Flyers with protest slogans littered the streets, and young boys held up signs that declared in English and Hebrew, “The Israeli Government harshly persecutes and tramples observant Jews!” and “You created the problem by establishing the State of Israel. Don’t ask us to fix it by joining the IDF!” This second statement is evidence of a strong anti-Zionist sentiment held by some sections of the Haredi population, most notably Hasidic Jews.
Hasidic Jews believe in a form of ultra-Orthodox Judaism that originated in 18th century Europe. They are easy to spot by their traditional dress and payot (long, curly sidelocks). Early Zionism was actually opposed by Hasidic Jews because of what they see as Zionism's tendency to champion secularism, and the belief that Jews made a promise with God not to establish a state in Israel using force. So obviously they’re not all that happy with how things have gone since Israel’s formation.
One of the largest anti-Zionist sects, the Satmar, has large communities in Williamsburg, Brooklyn, and Stamford Hill, London. The Satmar are so thoroughly opposed to the Israeli state that they accept no monetary aid from the government. One of their religious leaders recently declared a “jihad against the Israeli government.”

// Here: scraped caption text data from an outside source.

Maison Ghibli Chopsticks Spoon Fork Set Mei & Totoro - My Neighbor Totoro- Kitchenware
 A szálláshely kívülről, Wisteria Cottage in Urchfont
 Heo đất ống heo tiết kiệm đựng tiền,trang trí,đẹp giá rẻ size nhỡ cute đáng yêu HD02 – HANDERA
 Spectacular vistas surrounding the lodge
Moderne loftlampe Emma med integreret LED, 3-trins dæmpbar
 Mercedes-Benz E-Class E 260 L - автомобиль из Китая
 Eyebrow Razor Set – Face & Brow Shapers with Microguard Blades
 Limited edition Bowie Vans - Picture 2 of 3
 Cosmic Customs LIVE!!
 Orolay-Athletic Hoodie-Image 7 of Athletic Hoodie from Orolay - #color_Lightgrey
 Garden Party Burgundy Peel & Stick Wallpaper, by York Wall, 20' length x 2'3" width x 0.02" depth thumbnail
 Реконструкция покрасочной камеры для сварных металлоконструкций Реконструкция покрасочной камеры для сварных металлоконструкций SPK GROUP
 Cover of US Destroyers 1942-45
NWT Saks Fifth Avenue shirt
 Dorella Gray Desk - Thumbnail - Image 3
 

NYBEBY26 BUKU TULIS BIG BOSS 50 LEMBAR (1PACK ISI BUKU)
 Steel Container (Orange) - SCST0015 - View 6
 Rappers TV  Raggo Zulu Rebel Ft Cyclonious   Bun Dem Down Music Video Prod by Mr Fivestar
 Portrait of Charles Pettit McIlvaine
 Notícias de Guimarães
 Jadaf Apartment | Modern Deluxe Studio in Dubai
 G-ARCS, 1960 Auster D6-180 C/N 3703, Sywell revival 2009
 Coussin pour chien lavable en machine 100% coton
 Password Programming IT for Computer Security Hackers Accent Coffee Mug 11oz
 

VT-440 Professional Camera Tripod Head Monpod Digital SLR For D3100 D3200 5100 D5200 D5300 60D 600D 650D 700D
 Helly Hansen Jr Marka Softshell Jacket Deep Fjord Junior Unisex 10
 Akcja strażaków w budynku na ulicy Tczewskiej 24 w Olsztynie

I met Yakov, a 20-year-old Hasidic Satmar from the UK, before the protest began. He told me that “it’s better to convert to Islam than join the army.” He explained, “At least then you’re still monotheistic. In the army, you’re worshipping the state.” Yakov is against any interference in what he calls a "pure" way of life. For him, being Hasidic means living a life full of prayer. He says that he has a closer connection to God by abiding to strict rules and daily rituals that fill his life with deep satisfaction and meaning.
He sees no hypocrisy in being anti-Zionist and living in Israel. “I don’t have any other choice. I want to live in an environment where I can be immersed in a religious lifestyle. Living in Mea Shearim [a Hasidic enclave in Jerusalem] keeps me pure. I can go outside and not see anything secular.” While being a relatively idyllic place for a Hasidic Jew to live, tensions against the state in Mea Shearim frequently boil over into full-scale riots. This past July, a Haredi soldier who was visiting his family in the neighborhood had to be rescued from an angry mob by police.
Because Yakov is not an Israeli citizen, he wouldn’t need to serve in the military. Yet he is a strong opponent to the idea and doesn’t think the government can back up its threat to imprison those who choose not to serve. “They can't arrest every yeshiva student,” he says. “They’re going to have to build detention camps for them and what's that going to look like? Putting Jews in camps?"
He had a fair point.
“Even if they started doing that, we'd start yeshivas in the jails. Wherever they put us, we'll study; there’s no difference.”
After the prayer service had concluded, religious music blared from towering racks of speakers that had been set up around the area. The mood was festive, and young Haredi men began to dance, arm-in-arm, in large circles. As the sun set, tens of thousands of Haredim crowded the streets. Encouraged by their sheer weight of number, they seemed confident that God would answer their prayers. Whether it's through political maneuvering or divine intervention, Yakov told me, “One thing is for sure: We won't be serving in the Israeli army.”